– Я плохо понимаю русский, – наконец медленно выговорил он, стараясь не коверкать слова своим чудовищным акцентом.
– Война? – односложно спросил Иван.
– Да.
– Кто и с кем?
– Люди с Чужими, – слишком лаконично и туманно ответил Джон. – Мы уже проиграли, – спустя пару секунд добавил он с глухим, ясно прозвучавшим отчаянием в голосе.
Иван застыл, потрясенно глядя на американца.
Бредит он, что ли? – мелькнула в голове лейтенанта шальная мысль.
Суть произнесенной Хербертом фразы попросту не поддавалась мгновенному осмыслению. Два слова, словно тяжелые булыжники, медленно падали сквозь слои сознания, не находя адекватного отклика в рассудке лейтенанта.

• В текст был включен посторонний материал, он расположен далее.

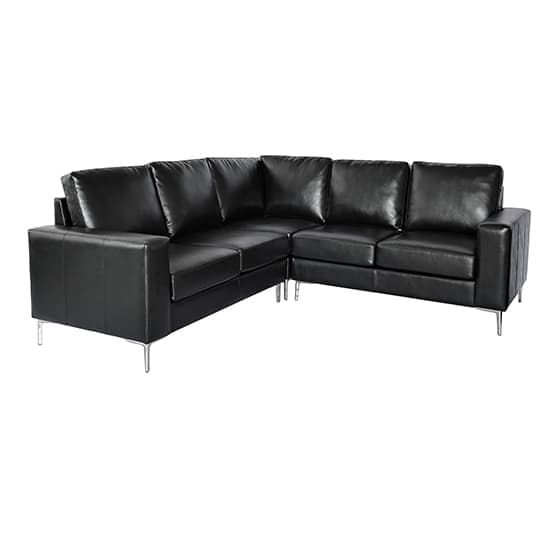 Baltic Faux Leather Corner Sofa In Black_3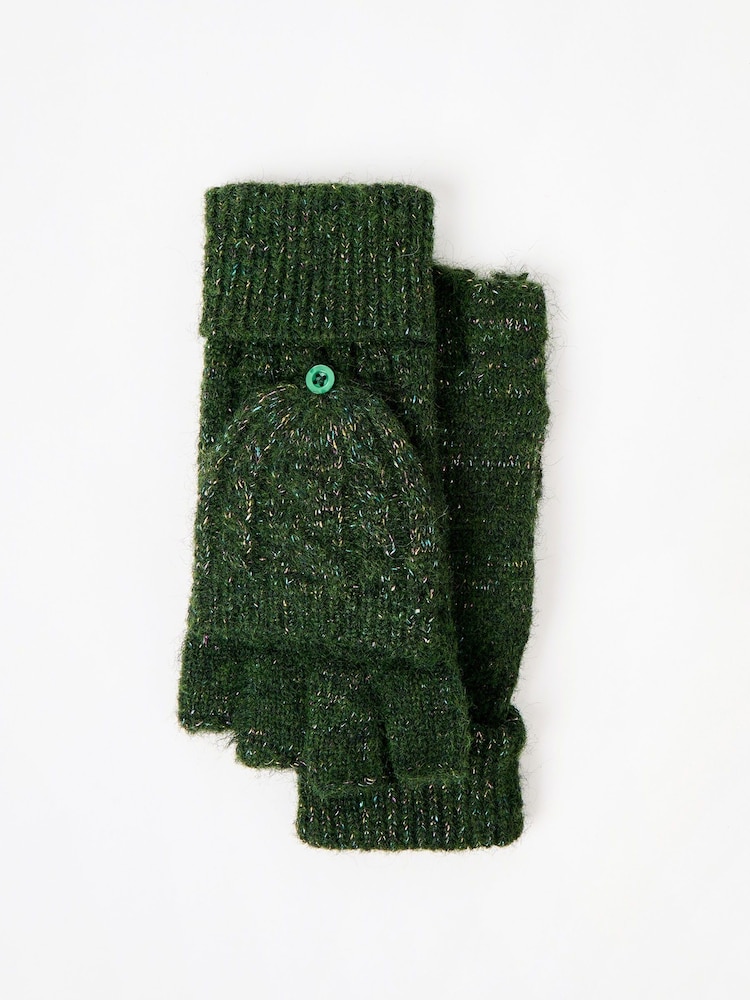 Oliver Bonas Khaki Green Sparkle Knitted Fingerless Mitten Gloves - Image 2 of 6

Они относились к той категории утверждений, которые невозможно принять на слух, сразу и безоговорочно, без солидной доказательной базы, потому что они… противоречат здравому смыслу, укладу психики, той атмосфере, в которой воспитан человек. Для Лозина существовали некие базовые понятия возможного и невозможного, в рамках которых шло привычное восприятие событий, а тут – словно ушат ледяной воды, выплеснутый на голову:
Люди и Чужие?
Не Соединенные Штаты Америки, грезящие о мировом господстве, не воинствующие мусульманские секты и даже не обнаглевший коммунистический Китай, в последнее время все чаще поглядывавший на известные регионы России, а «братья по разуму»?!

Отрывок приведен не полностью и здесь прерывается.